Where a decade ago, just one in nine women remained childless at 45 and were considered rather peculiar at that, now that figure is closer to one in four. For women with a university education, like me, that figure rises to 43 per cent - an extraordinary figure which signifies a seismic social change....There are two purposes in life. The first is to serve and worship God. The second is to have children. The first is a test, the second is a duty. There are very, very few accomplishments of historic note that are more important than the latter; for all that we may lament the loss of their genetics to the human race, Newton and Leibniz arguably contributed more to it than nearly any line of descendants have, however long.
I had an intern recently, a 21-year-old Oxford graduate, who told me confidently she never wanted kids because it would get in the way of her career. I told her she was mad. While a child-free life looks fun on Facebook, no number of career highs, nights at the theatre, weekends away or adult pleasures can disguise the fact that it feels - there is no other word - empty.

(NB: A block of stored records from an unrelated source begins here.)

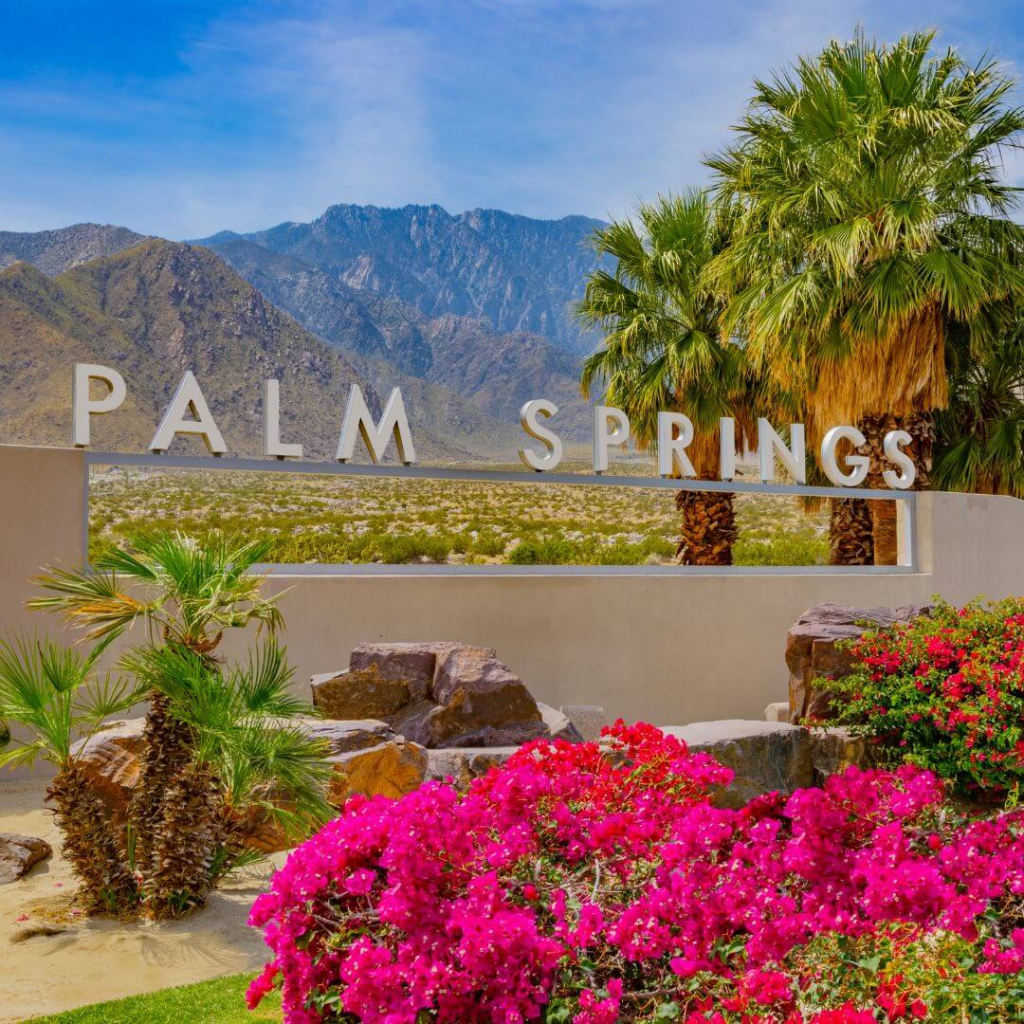 Palm Springs sign with vibrant pink flowers and desert mountains in the background.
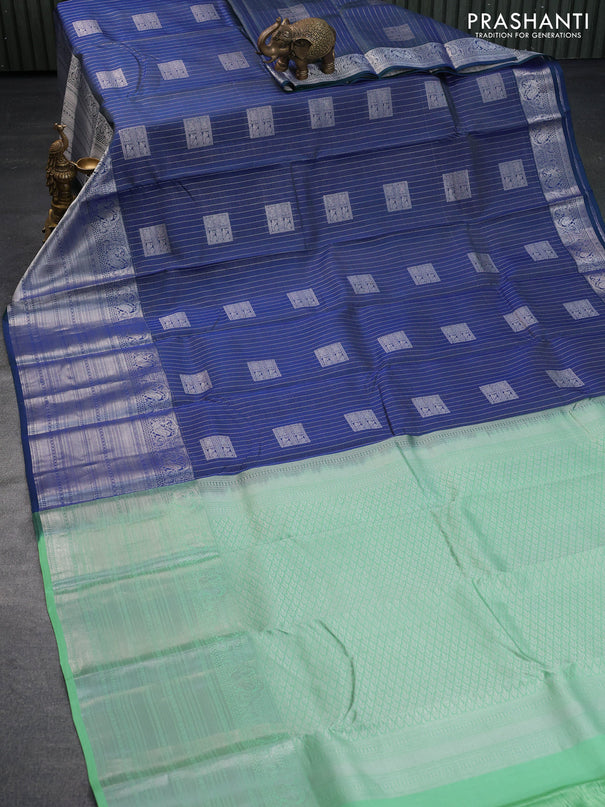 Roopam silk saree dual shade of blue and pastel green with allover silver zari weaves & buttas and long silver zari woven border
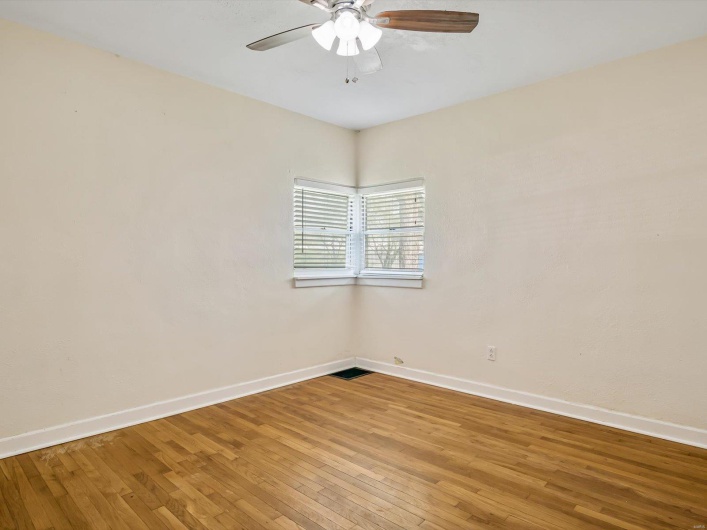 Empty room featuring ceiling fan, baseboards, and light wood-style floors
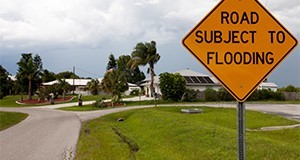 Street sign cautions, road subject to flooding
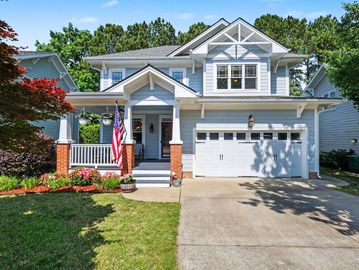 Blue and white two-story house with a front porch and American flag.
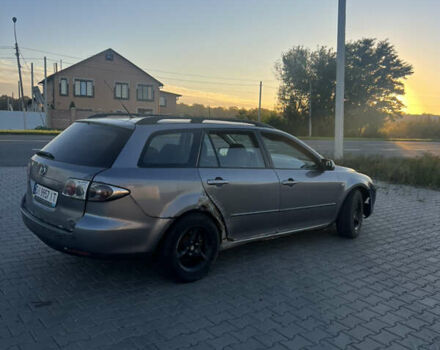 Сірий Мазда 6, об'ємом двигуна 2 л та пробігом 293 тис. км за 1600 $, фото 5 на Automoto.ua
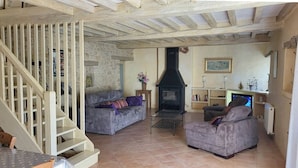 A rustic living room with a stone wall, a fireplace, two sofas, and a wooden staircase. - Agréable Maison en Pierres, à Quelques Minutes des Châteaux (vézac)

Between today and the end of my life, I hope there are a few more decades. But, as time goes by, the idea of dying without children feels unnatural and sad. Statistics do not reveal whether the 43 per cent of educated women who are child-free are so by choice or by circumstance, but I believe the Motherhood Deniers, waving the flag for the childless life, remain in the minority. Admittedly a far more confident, glamorous, and witty minority than they once were, but a minority nonetheless.
For the rest of us, childlessness is a source of sadness and regret. Most of those 43 per cent will have gone through fertility hell, or never met the right guy, or left it too late, or have any number of unhappy stories.
But other than such intellectual sports, whose personal accomplishments can possibly hope to outweigh generations upon generations of accomplishments? Whose career can be said to be so important that it outweighs all the prospective careers of her children, her children's children, and her children's children's children? Especially if one considers women's careers, of which fewer than 100 have ever deemed been worthy of historical note.
Fyodor Dostoevsky wrote: "Deprived of meaningful work, men and women lose their reason for existence; they go stark, raving mad." And the meaningful work of women is bearing and raising the next generation of the human race. Given that more than 40 percent of educated women have deprived themselves of their reason for existence, it should be no wonder that they have, collectively, gone stark, raving mad.